**The data**
================================

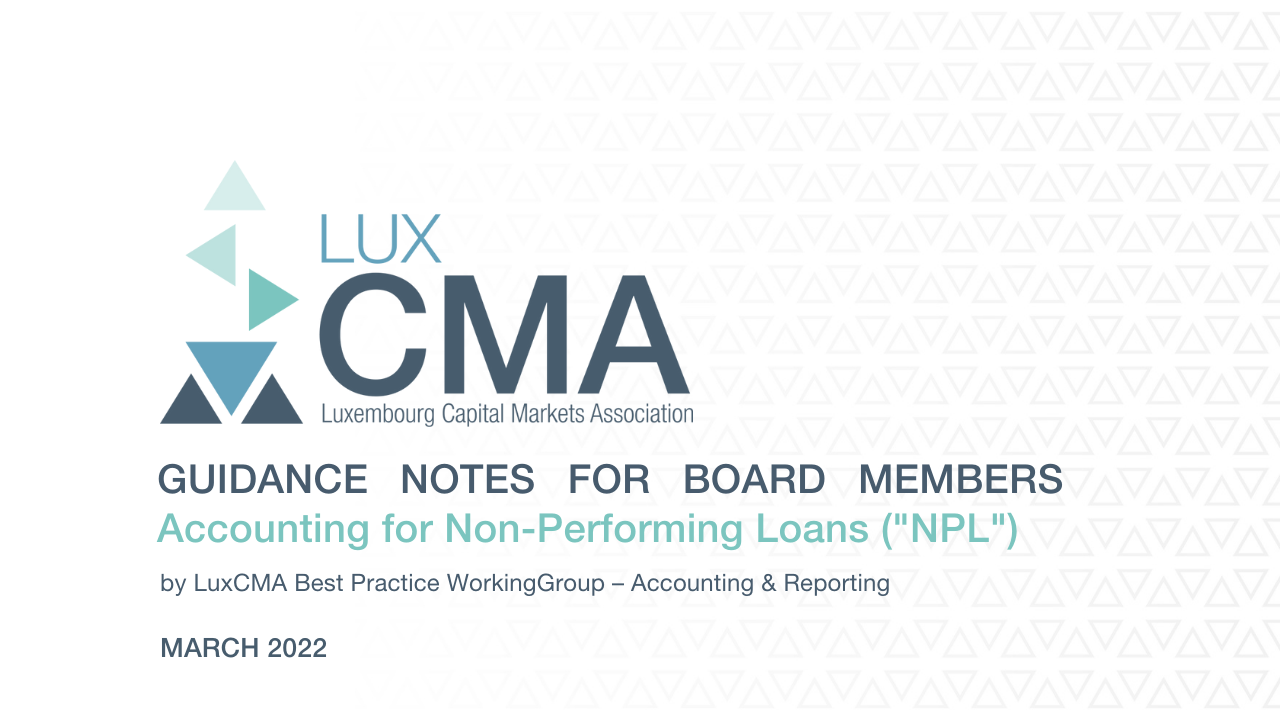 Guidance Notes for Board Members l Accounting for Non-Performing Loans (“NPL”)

================================

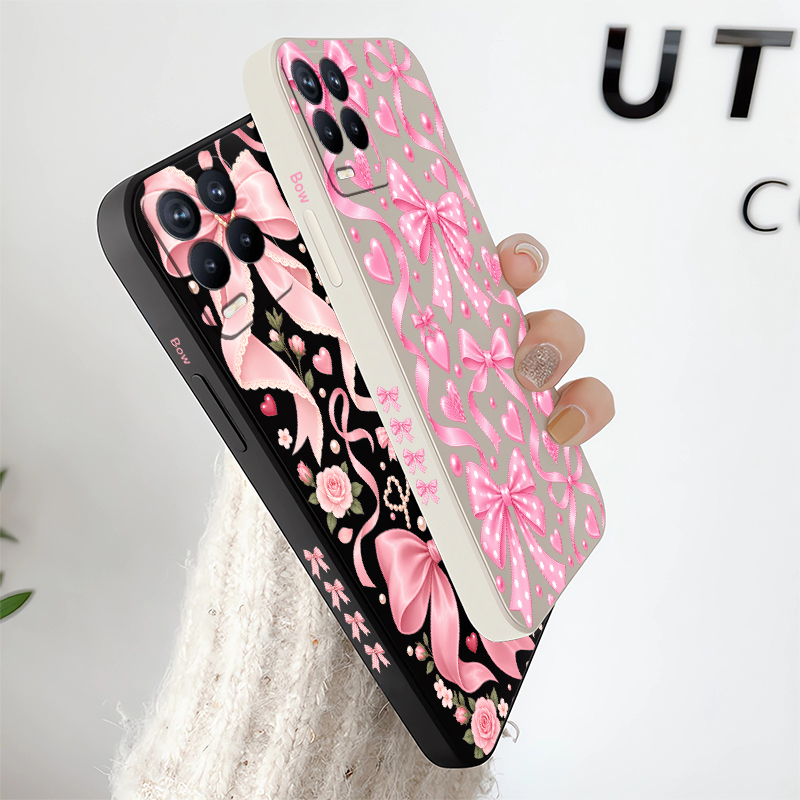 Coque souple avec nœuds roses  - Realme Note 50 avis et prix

================================

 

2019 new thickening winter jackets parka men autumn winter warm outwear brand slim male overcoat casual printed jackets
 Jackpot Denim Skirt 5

================================

**Assignment**
Considering only the material above, set down every line from the one with "2019 new thickening" to the one with "Jackpot Denim Skirt 5", inclusive, exactly as written.

**Exercise output**
2019 new thickening winter jackets parka men autumn winter warm outwear brand slim male overcoat casual printed jackets
 Jackpot Denim Skirt 5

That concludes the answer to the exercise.